--- Information given Enclosed Below ---

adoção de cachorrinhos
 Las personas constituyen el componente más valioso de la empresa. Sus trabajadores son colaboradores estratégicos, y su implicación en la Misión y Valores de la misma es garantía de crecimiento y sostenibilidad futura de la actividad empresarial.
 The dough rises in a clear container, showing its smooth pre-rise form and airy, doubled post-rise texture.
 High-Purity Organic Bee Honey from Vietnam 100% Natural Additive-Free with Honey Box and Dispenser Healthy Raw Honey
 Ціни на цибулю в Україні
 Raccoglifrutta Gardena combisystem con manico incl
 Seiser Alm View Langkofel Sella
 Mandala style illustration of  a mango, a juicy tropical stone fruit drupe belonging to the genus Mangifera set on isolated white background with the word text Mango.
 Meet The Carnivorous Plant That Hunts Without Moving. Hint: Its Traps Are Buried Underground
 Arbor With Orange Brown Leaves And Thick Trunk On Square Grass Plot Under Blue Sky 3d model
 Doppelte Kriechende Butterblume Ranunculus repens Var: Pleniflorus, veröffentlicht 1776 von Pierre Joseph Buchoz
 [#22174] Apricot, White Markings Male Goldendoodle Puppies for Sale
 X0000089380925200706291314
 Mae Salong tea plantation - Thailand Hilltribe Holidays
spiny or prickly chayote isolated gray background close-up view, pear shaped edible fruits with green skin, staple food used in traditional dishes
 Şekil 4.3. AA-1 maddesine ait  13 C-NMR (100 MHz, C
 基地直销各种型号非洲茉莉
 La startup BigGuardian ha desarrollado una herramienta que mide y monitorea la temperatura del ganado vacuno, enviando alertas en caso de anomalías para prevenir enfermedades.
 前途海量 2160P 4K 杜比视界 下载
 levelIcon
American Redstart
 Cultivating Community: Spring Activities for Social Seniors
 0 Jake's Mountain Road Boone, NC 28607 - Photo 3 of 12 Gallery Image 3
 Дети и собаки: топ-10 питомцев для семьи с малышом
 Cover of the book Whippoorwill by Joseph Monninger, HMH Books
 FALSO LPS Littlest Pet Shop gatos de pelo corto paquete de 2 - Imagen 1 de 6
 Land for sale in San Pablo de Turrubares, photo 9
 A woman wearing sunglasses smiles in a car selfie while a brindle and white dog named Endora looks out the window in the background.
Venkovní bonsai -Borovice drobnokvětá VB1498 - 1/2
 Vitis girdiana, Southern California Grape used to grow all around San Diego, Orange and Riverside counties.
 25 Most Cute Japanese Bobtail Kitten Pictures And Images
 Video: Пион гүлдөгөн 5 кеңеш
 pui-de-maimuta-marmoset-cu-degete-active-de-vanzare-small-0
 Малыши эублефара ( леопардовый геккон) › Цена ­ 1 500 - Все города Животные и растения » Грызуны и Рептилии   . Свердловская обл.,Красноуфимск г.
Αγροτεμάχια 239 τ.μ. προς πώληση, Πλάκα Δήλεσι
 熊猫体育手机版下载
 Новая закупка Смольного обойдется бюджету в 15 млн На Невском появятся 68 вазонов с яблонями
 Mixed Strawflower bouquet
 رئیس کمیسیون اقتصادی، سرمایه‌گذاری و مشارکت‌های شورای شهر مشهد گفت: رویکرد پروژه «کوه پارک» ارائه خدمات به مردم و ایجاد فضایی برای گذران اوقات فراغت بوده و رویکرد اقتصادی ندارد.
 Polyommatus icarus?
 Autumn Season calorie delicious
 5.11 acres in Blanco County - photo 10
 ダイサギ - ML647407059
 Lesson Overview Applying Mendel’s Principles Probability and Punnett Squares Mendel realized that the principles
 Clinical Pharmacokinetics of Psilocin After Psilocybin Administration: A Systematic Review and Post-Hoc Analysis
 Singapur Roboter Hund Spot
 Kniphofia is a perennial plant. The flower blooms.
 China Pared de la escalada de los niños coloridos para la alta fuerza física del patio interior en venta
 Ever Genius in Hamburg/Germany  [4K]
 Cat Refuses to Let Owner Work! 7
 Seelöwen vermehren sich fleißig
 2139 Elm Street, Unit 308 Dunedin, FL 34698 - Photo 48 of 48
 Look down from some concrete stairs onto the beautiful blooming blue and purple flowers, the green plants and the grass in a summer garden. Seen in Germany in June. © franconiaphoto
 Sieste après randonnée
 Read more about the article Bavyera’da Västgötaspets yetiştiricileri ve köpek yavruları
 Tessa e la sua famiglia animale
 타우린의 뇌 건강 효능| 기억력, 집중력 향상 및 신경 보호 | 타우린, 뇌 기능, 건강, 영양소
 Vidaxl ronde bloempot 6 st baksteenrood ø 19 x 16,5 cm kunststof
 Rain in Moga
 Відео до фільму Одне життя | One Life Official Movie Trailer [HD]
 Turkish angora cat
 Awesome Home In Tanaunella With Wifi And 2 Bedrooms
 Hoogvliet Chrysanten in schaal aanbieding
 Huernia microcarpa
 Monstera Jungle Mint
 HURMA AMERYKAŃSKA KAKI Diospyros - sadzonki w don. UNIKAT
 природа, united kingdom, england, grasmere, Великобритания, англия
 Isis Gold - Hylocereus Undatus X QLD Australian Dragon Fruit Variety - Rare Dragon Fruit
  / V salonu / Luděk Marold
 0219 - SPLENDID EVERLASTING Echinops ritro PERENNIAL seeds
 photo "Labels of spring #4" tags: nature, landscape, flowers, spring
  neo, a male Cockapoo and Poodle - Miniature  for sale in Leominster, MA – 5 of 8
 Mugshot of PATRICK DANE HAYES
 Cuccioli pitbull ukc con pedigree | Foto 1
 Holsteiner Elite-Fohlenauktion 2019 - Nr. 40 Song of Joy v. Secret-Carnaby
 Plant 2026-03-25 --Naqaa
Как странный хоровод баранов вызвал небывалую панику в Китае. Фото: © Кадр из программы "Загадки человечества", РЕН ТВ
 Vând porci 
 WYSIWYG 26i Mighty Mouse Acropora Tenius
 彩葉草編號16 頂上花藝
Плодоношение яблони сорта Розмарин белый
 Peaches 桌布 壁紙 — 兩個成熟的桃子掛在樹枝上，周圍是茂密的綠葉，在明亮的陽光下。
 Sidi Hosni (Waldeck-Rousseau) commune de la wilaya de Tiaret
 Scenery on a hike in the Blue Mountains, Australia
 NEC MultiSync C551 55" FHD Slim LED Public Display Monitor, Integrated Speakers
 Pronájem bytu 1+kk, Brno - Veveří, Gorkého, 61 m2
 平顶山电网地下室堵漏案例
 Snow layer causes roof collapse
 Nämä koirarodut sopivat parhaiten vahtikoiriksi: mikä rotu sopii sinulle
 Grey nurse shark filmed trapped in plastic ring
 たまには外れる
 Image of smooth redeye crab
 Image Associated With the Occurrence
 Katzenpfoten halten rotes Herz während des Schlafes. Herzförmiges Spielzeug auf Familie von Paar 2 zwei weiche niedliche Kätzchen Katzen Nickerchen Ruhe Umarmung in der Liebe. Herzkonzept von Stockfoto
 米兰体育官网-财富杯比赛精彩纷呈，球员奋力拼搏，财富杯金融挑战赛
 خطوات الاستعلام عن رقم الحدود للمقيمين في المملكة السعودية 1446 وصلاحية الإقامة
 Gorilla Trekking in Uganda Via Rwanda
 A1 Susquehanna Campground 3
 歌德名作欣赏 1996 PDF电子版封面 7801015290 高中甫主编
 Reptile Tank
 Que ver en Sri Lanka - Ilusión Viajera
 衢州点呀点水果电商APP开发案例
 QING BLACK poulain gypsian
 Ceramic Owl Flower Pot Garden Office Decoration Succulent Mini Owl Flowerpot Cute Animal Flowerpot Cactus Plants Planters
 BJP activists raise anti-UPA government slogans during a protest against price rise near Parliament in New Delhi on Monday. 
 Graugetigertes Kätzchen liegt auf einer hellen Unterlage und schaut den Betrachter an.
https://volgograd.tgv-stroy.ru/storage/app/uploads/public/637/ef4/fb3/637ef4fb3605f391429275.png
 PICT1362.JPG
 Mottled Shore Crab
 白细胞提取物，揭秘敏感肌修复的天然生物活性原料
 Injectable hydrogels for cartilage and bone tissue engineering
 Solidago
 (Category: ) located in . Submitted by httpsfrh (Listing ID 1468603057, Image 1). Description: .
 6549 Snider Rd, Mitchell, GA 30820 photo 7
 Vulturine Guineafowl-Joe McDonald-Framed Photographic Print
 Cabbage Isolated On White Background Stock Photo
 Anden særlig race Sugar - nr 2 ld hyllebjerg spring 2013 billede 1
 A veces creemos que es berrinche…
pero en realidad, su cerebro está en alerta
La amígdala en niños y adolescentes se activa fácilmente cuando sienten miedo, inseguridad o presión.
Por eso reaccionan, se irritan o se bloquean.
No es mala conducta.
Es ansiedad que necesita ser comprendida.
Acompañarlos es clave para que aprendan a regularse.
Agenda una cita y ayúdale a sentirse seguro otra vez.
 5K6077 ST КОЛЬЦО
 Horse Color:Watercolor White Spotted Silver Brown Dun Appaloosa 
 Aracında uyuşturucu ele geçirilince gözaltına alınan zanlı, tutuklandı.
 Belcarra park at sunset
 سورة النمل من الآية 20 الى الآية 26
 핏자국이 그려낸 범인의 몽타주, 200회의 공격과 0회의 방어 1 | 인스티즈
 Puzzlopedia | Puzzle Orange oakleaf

--- End of Enclosed Information given ---

=== Work order ===
A single number is the whole answer here: the number of lines in the data that include "Germany".

=== Expected answer ===
2